Tonight there are two. One is a husky man, sitting across from me, drinking from a bottle in a bag. He has a bald head, huge sideburns, and big square sunglasses. Standing next to him, wobbling as he clings to a strap, is a lankier guy. He's wearing a yellow headband with a big red jewel pinned to it. They're talking about Jimi Hendrix.
*

“Man, you have to understand,” Husky says reverently, pointing, “when Jimi was around, the electric guitar was just invented! Nobody knew what it was; nobody knew how to play it—”

“Yeah, yeah, I know,” Lanky cuts in.

Husky continues, “But Jimi was a natural, see?
No schooling, nothin'. He was a natural. The sounds he made—nobody can make them anymore.”

“That's the one thing I wish—that I coulda seen Jimi play,” Lanky says, swinging sideways as the train takes a curve.

“You know how Jimi played?” Husky takes a swig from his bag to accentuate the question.

“How?”

Husky leans forward, almost whispering, “He played his guitar like he was doin' his mama.”

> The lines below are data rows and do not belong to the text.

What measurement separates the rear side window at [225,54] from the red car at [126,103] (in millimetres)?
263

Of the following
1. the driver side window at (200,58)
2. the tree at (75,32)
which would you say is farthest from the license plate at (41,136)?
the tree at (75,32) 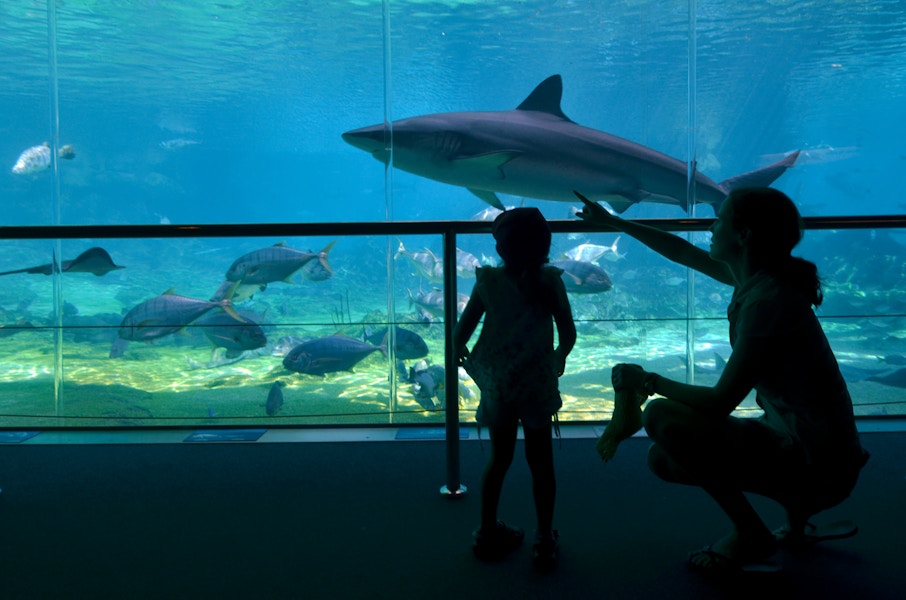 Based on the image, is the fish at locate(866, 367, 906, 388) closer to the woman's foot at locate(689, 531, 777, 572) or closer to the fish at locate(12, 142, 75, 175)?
the woman's foot at locate(689, 531, 777, 572)

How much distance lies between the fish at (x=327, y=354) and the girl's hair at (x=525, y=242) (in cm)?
303

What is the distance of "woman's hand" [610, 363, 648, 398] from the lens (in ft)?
4.16

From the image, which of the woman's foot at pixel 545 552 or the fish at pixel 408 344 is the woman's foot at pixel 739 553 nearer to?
the woman's foot at pixel 545 552

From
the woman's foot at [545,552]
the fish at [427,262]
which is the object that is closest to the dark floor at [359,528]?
the woman's foot at [545,552]

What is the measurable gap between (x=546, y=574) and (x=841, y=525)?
828 mm

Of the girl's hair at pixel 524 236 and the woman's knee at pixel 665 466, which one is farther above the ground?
the girl's hair at pixel 524 236

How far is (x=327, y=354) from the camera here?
440 centimetres

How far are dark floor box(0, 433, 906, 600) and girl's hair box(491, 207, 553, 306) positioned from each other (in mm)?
703

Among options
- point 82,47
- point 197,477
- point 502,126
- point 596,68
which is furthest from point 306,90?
point 197,477

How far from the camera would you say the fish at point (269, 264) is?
527 cm

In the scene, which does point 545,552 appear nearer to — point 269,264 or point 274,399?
point 274,399

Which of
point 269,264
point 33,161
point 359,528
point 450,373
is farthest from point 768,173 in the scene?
point 33,161

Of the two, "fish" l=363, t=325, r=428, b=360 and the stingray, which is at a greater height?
the stingray

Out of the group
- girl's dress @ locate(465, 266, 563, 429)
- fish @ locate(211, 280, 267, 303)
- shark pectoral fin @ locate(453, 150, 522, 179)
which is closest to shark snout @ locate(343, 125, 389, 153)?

I laugh. Oedipus on the number two train. I laugh so hard, my Magic cards fall from my lap and I have to pick them one by one off the brown patterned floor. The two men glare at me.

“You've got a guitar right there,” Husky says, gesturing at my bass. “How are you gonna laugh? You ever heard Jimi play?”

“No.” My voice cracks.

“Well, if you were doin' your mama, how would you play?”

“I'm not sure,” I mumble.

“Well, there,” Lanky reasons, “you're not Jimi.”

I can't argue with that. The train pulls into Fourteenth Street; Husky rises and shuffles through the doors.

“Merry Christmas,” he tells Lanky. He turns to me. “Yeah, and you, too.”